REPUBLIKA.CO.ID, YERUSALEM— Anggota Dewan Legislatif Hamas dan Wakil Ketua Asosiasi Cendekiawan Islam Palestina, Syekh Salem Salameh, mengeluarkan pernyataan cukup berani. Syekh Salem mengatakan, George Washington telah membunuh penduduk asli Amerika karena mereka adalah Muslim yang memiliki masjid.

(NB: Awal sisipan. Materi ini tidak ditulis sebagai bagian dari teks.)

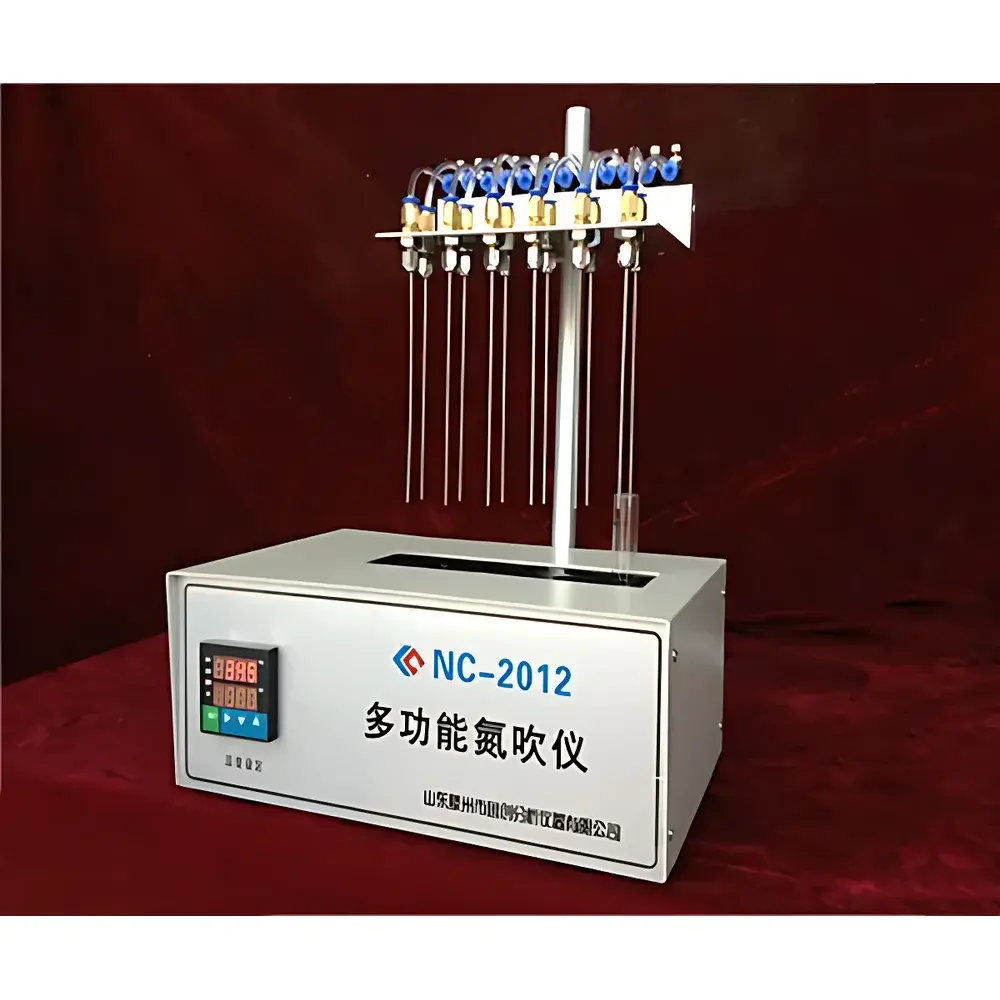 Shandong Luchuang NC-2012 Dry-Block Nitrogen Evaporator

Dilansir dari Israel National News, Syekh Salem mengatakan dalam wawancara dengan Mayadeen TV (Lebanon) bahwa ada Muslim yang mengakui dan menormalkan hubungan dengan Israel. Laporan tersebut disampaikan kepada Middle East Media Research Institute (MEMRI).
Dia mengatakan ini merupakan pengkhianatan terhadap Tuhan, Islam, dan Muslim, dan Palestina dan Yerusalem adalah tanah Islam dan milik semua Muslim di dunia. Dia mengklaim Presiden AS George Washington telah memperingatkan kaum Muslim dan membunuh penduduk asli Amerika karena mereka adalah Muslim yang memiliki masjid.
Selain itu, Sheikh Salameh mengatakan AS telah mengeluarkan putusan yang memungkinkan orang Yahudi untuk membunuh Palestina. Pernyataan Syekh Salem sebenarnya bukan hal baru. Nasib Indian Muslim, nyaris tidak terungkap dalam sejarah Amerika. Padahal menurut Mahir Abdal-Razzaaq El, seorang Muslim dari Suku Indian Cherokee Blackfoot di New York, AS, saat ini ada sejumlah Muslim yang hidup di dalam kelompok sukunya.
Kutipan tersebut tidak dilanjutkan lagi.